The Senate Judiciary Committee will kick off its own debate Tuesday over the reauthorization and reform of portions of the Federal Intelligence Surveillance Act that are set to expire at the end of this year. Section 702 of the FISA Amendments gives U.S. intelligence agencies the authority to intercept and store the communications of non-U.S. persons outside of the United States while allowing for the incidental collection of some data on U.S. citizens. Its backers in Congress say the program is vital for protecting national security, but other lawmakers worry the program is overbroad in its collection of Americans’ communications and may violate the civil liberties of U.S. citizens.
The Senate Intelligence Committee held a hearing on the subject this month, but discussion concerning the investigation of ties between the Trump campaign and Russia largely drowned out any meaningful discussion of the program. Sen. Tom Cotton, one member of the Intelligence panel, has introduced legislation pushing for a clean FISA reauthorization without reforms.
The House Judiciary Committee is set to take a closer look at recent trends in international antitrust enforcement Thursday, with the focus almost certainly to be on the European Union’s increasing crackdown on U.S. tech companies operating on the continent. The European Commission’s antitrust division has recently filed several antitrust complaints against Google, Amazon, and Apple, which many U.S. lawmakers view as overzealous. Capitol Hill was particularly incensed by last year’s $14.5 billion fine that the commission slapped on Apple last year over allegedly unpaid back taxes to Ireland.
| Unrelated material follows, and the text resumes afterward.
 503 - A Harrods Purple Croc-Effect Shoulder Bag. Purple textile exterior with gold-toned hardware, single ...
The committee’s hearing on the subject was originally scheduled for May.
The House Transportation and Infrastructure Committee will vote on a Federal Aviation Administration authorization bill Tuesday, making another bid to fulfill chairman Bill Shuster’s goal of spinning off the nation’s air-traffic controllers from government control. Shuster’s bill, released last week, would create an independent air-traffic-control board and has recruited support from two Democrats and Republican Sam Graves, who previously opposed Shuster’s bill over its impact on rural airports. Shuster has said the bill could move to the floor in July, although the air-traffic-control plan may still face skepticism from appropriators who worry about losing oversight of the safety program.
The House Energy and Commerce Committee will work through a package of 14 draft bills to help regulate self-driving vehicles, including measures that would allow the federal government to supersede state laws and information on data sharing. The Tuesday markup in the Digital Commerce and Consumer Protection subcommittee marks the first significant move by Congress to pass legislation on the rapidly advancing technology.
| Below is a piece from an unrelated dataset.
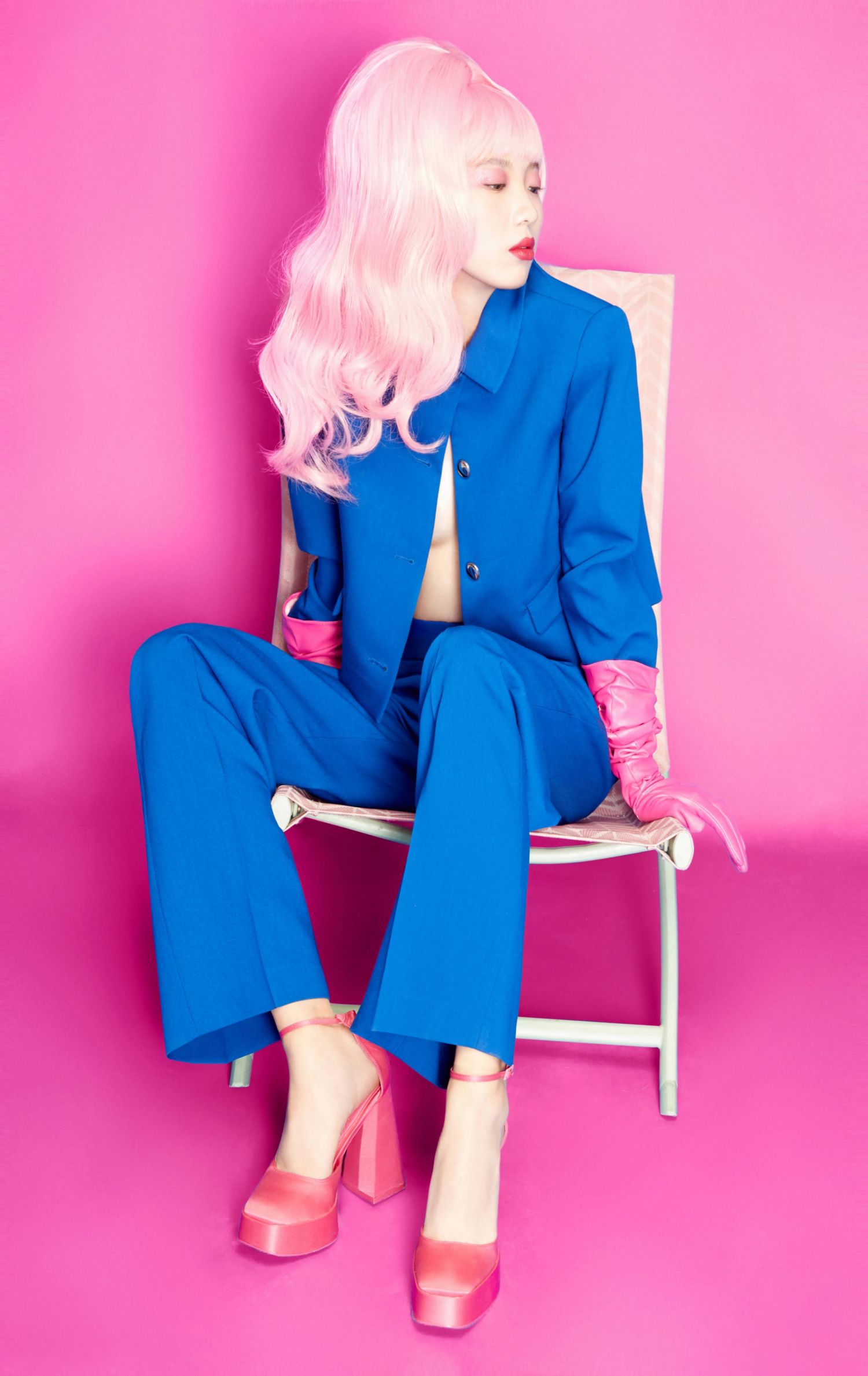 A model with pink hair wearing a blue blazer and pants with pink heels sits on a white chair against a pink background.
Trump’s week will be dominated by domestic energy issues and meetings with foreign leaders. He will hold energy events on Wednesday and Thursday. On Monday, he meets with Indian Prime Minister Narenda Modi. On Thursday, he will have dinner with South Korean President Moon Jae-in before meetings between the two leaders on Friday. On Wednesday, he will also attend a Republican National Committee dinner.